Line by line, copy the entries exactly, excluding the pictures.

● **Records for the exercise**
=-=-=
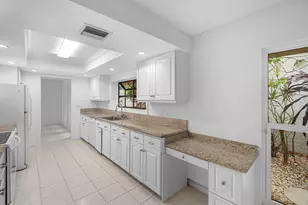 5635 Kiowa Cir, Boynton Beach, FL 33437 - Photo 9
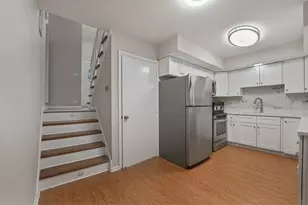 1533 N Arlington Heights Rd, Arlington Heights, IL 60004 - Photo 4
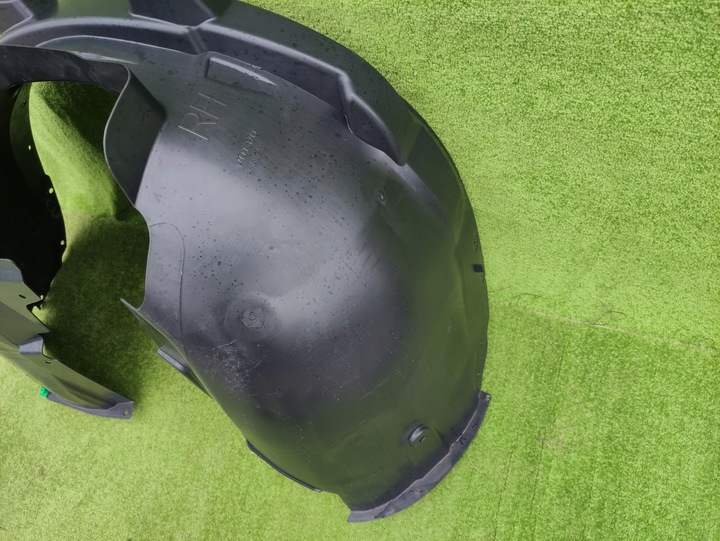 фото №13, Підкрилок передні праві volvo ex40 xc40 2018- c40 2022- ec40 оригінальний номер 32369243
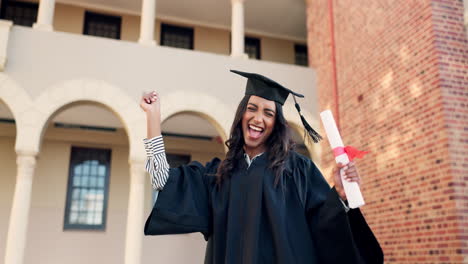 Mujer-Feliz,-Estudiante-Y-Graduación-En-Celebración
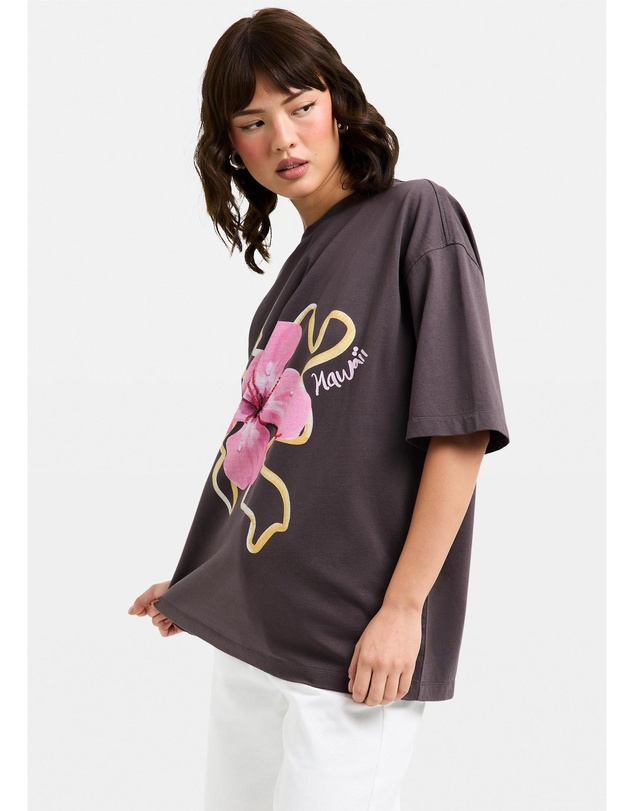 Subtitled - Hawaii Hibiscus Oversized T-Shirt
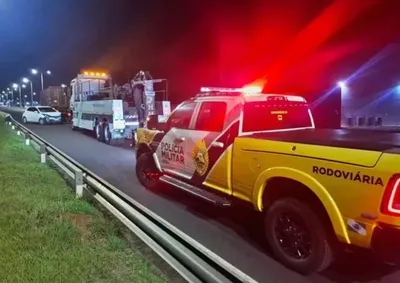 Acidente aconteceu no acesso a Xambr&ecirc;, em Umuarama; motorista do HB20 foi socorrida e encaminhada ao hospital.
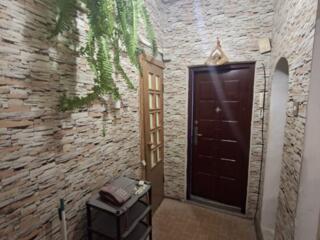 Хороший торг! 2-комн. квартира с возможностью пристройки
=-=-=
● **Exercise result**
 5635 Kiowa Cir, Boynton Beach, FL 33437 - Photo 9
 1533 N Arlington Heights Rd, Arlington Heights, IL 60004 - Photo 4
 фото №13, Підкрилок передні праві volvo ex40 xc40 2018- c40 2022- ec40 оригінальний номер 32369243
 Mujer-Feliz,-Estudiante-Y-Graduación-En-Celebración
 Subtitled - Hawaii Hibiscus Oversized T-Shirt
 Acidente aconteceu no acesso a Xambr&ecirc;, em Umuarama; motorista do HB20 foi socorrida e encaminhada ao hospital.
 Хороший торг! 2-комн. квартира с возможностью пристройки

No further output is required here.